Dr Hannah Fry is a lecturer in the Mathematics of Cities at the Centre for Advanced Spatial Analysis at UCL. She works alongside a unique mix of physicists, mathematicians, computer scientists, architects and geographers to study the patterns in human behaviour – particularly in an urban setting. Her research applies to a wide range of social problems and questions, from shopping and transport to urban crime, riots and terrorism.
Alongside her academic position, Hannah is an experienced public speaker giving conference keynotes and taking the joy of maths into theatres and schools. Hannah’s mathematical expertise has led to the development of fascinating documentaries including ‘Britain’s Greatest Invention ’, ‘Horizon: How to Find Love Online’, ‘Horizon: 10 Things You Need to Know About the Future’, ‘City in the Sky’ (BBC2), ‘Trainspotting Live’, ‘The Joy of Data’, ‘Climate Change By Numbers’ and ‘Calculating Ada: The Countess of Computing’ (BBC4). For radio, Hannah presents ‘Music By Numbers’ (BBC R1), ‘The Curious Cases of Rutherford and Fry’ and ‘Computing Britain’ (BBC R4).

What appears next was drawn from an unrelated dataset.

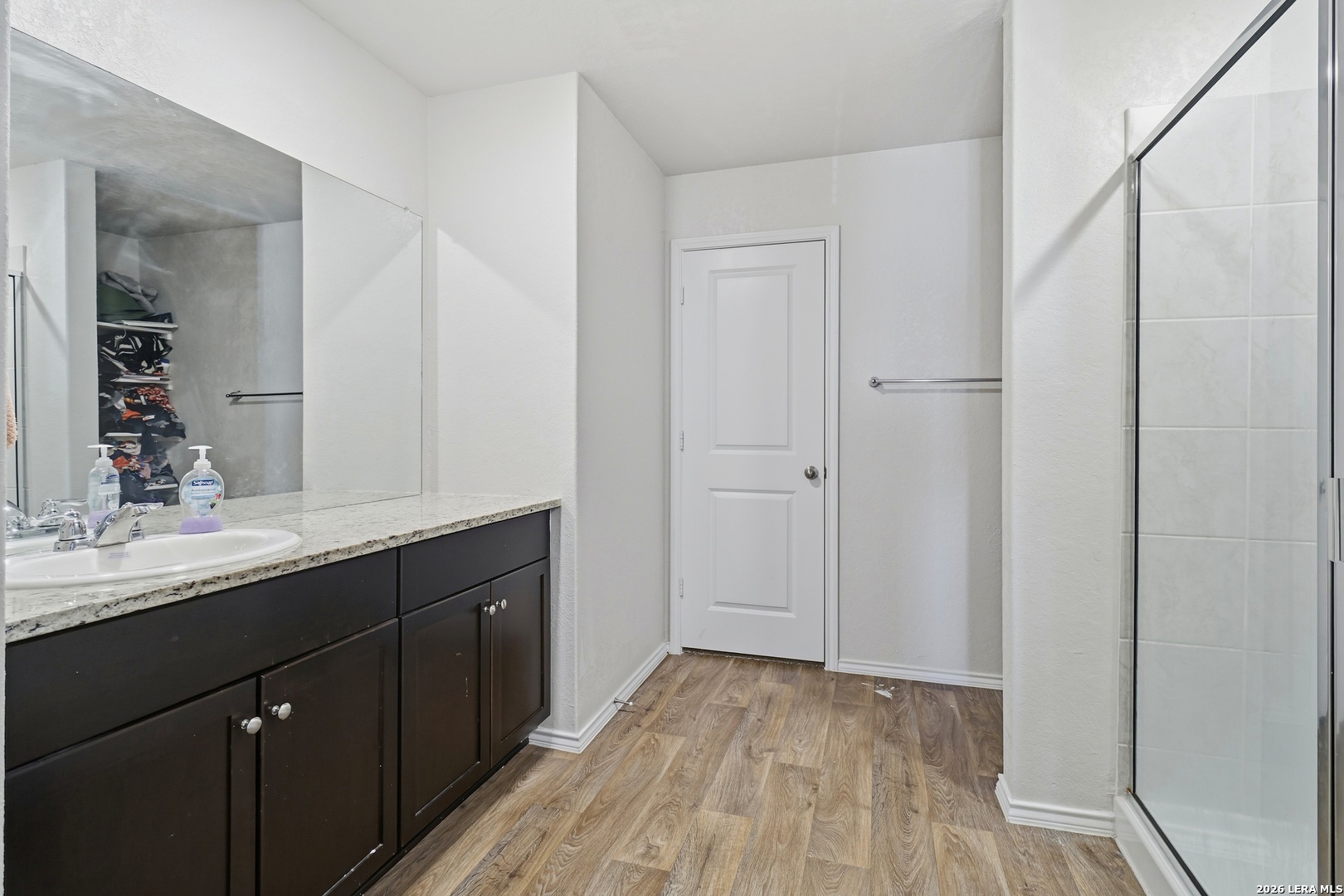 12145 Pease River San Antonio TX 78245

As an author, Hannah has written two books: ‘The Indisputable Existence of Santa Claus: The Mathematics of Christmas’ (Transworld, 2016) which followed ‘The Mathematics of Love: Patterns, Proofs, and the Search for the Ultimate Equation’ (Simon & Schuster/ Ted, Feb 2015) in which Hannah brings together mathematical equations to provide answers to such questions as: What’s the chance of us finding love? What’s the chance that it will last? How does online dating work, exactly? When should you settle down? How can you avoid divorce? When is it right to compromise? Can game theory help us decide whether or not to call?